I have been very impressed for a long time with Safari, all the more when Safari 3 came out. The new DOM inspector in the Debug menu was very nice, and in a later release, it only got substantially better (DOM Inspector|Network Pane). And really, KHTML/Webkit is a very nice document-rendering engine.
That was then, this is now. It (in a small way) pains me to say that Firefox 3 knocks Safari’s socks off. This is problematic for me, because it proves that I am the fanboy that I never wanted to be. I should be happy to simply say, yeah it is vastly superior and move on, but I am pained by it. The truth is out. ACK!
Since Firefox 3 came out, I have been impressed three more times by Firefox:
- The font-rendering and over all appearance has been solidly improved.
- The awesome bar is…well…awesome.
- It no longer looks like a ported Windows application, it is solidly Mac, which is a nice
Those are certainly not the only things, but they strike me as the most important new features. It’s extensibility is also a very important feature, namely the plug-ins that I find myself (or forget that I am) using constantly or at least frequently:
- Firebug is an excellent, nimble, powerful HTML/JS/CSS debugger, and it does it all on-the-fly. It can bog page loads a bit at times, but the app itself is quite speedy.

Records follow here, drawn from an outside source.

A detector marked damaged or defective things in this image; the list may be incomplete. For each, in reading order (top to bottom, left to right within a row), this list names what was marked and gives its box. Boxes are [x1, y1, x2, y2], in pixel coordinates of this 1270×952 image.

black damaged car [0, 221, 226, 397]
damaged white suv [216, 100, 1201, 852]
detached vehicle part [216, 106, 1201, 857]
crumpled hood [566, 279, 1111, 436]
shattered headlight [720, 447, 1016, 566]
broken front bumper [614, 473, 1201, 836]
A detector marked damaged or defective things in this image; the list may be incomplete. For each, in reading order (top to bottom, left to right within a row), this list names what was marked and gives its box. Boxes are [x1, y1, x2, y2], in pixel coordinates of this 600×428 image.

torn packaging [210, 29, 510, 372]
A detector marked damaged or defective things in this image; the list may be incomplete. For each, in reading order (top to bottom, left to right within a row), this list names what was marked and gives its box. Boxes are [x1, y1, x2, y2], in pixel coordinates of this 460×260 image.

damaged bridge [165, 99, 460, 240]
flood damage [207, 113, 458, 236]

- NoScript is an extension allows you to turn off JS for a site by default. It is also interesting to see how well implemented a site’s JS is and what features are reliant on it. It can, however, be as annoying as useful.

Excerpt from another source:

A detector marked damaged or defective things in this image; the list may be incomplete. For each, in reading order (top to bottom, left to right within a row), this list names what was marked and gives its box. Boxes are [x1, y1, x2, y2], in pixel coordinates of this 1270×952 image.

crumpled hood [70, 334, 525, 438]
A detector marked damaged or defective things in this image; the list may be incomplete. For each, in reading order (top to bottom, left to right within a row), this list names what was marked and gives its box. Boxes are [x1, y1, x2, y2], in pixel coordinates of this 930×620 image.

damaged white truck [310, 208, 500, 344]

- Adblock Plus is another great application that blocks a lot of unsightly (or unseemly) advertisements, e.g. those depicting scantily-clad women, etc. It comes with a free subscription service that allows you to use the recommendations of others that have stumbled upon noxious content.
- Others include the Web Developer toolbar, 1Password for Mac, IETab and IE View Lite for Windows
- Another feature that is not new, though often overlooked, is the find-as-you-type text search. If you enable it in Tools>Options…>Advanced Tab>General Sub-tab>Accessibility box>“Search for text when I start typing” it will allow you to find text as you type it. Furthermore, using the apostrophe (single quote or “’”) first will look only in link text. That has been such a great productivity booster! It is not impressive to consider how useful it is until you consider the IE6/7 Crtl+F search, or a similar search.
- Greater use of non-modal dialogs that appear at top and bottom in banners or ribbons, like the password saving that you can approve after you have seen that it is was correct. NoScript also uses a banner at the bottom to notify that scripts remain unexecuted.
The only thing that I really miss of the features I expected is the lack of support for Mac’s Keychain Application. Firefox stores them in its own space.
I think one thing that Safari has always done well is a simple and inviting user interface which keeps their products from becoming bloated. Firefox has the poor distinction of often seeming bloated because we (yes, me included) often load on too many add-ons and become disgusted by how slow it becomes. That is not Firefox, it is my overburdening of it.
Safari’s lack of those features has made it increasingly unable to be the heavy-lifting browser I need in my daily work as a web developer, designer and administrator. (Of course that does not free me from my duty to test in IE 6&7, Firefox and Safari.)